Court File and Parties
COURT OF APPEAL FOR ONTARIO DATE: 20230609 DOCKET: COA-22-CV-0311
Doherty, Favreau and Monahan JJ.A.
BETWEEN
Upper Canada Land Titles and Patent Research Initiative Applicant (Appellant)
and
Regional Municipality of Niagara a.k.a. Niagara Region, Attorney General of Province of Ontario, the Attorney General of Canada Respondents (Respondents)
Counsel: Rory Barnable, for the appellant Brian Duxbury and Joshua Perrell, for the respondents
Heard and released orally: June 5, 2023
On appeal from judgment of Justice R.J. Nightingale of the Superior Court of Justice, dated September 19, 2022.
Reasons for Decision
[1] We are in substantial agreement with the application judge. Like him, we are prepared to assume, without deciding, that the applicant has standing.
[2] It is conceded that the Province has the power to pass laws applicable to property, including property granted under a Crown patent. The Province has exercised its powers under the Municipal Act and has delegated to the respondent the power to pass by-laws prohibiting and regulating the destruction or injury of trees and woodlands designated in the by-law.
[3] We are satisfied the by-law making authority under the Act is clear and was properly exercised in this case. We do not accept the argument that the by-law could only be valid if specific reference was made to the Crown patent, either in s. 135 of the Municipal Act, or in the language of the specific by-law.
[4] In addition, the by-law does not conflict with the Crown patent. The Crown patent is not a legislative Act, but rather a grant of title to the lands in issue pursuant to the Crown’s prerogative. The patent gives the owner of the lands all of the property rights that normally flow from ownership of private property. However, it does not immunize the lands or the owners of the lands from regulation by the municipality in accordance with the powers under the Municipal Act over activities that are allowed on the property.

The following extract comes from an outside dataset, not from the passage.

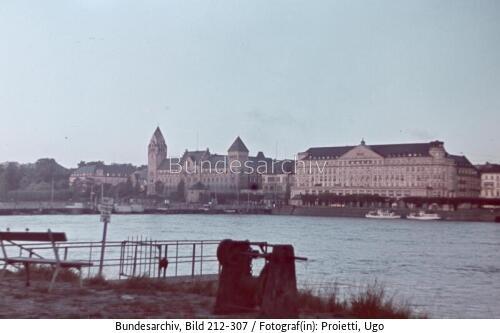 Koblenz, Rhein, Schiffbrücke, Regierungsgebäude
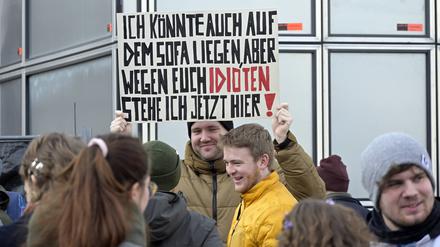 „Ich könnte auch auf dem Sofa liegen, aber wegen euch Idioten stehe ich jetzt hier“, beklagt ein Demo-Teilnehmer in München am 21. Januar 2024.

Accordingly, s. 14(1)(b) of the Municipal Act has no application on the facts of this case.
[5] The appellant did not pursue the vagueness argument.
[6] The appeal is dismissed. As agreed on by counsel, the respondent is entitled to costs in the amount of $15,000, inclusive of disbursements and relevant taxes.
“Doherty J.A.”
“L. Favreau J.A.”
“P.J. Monahan J.A.”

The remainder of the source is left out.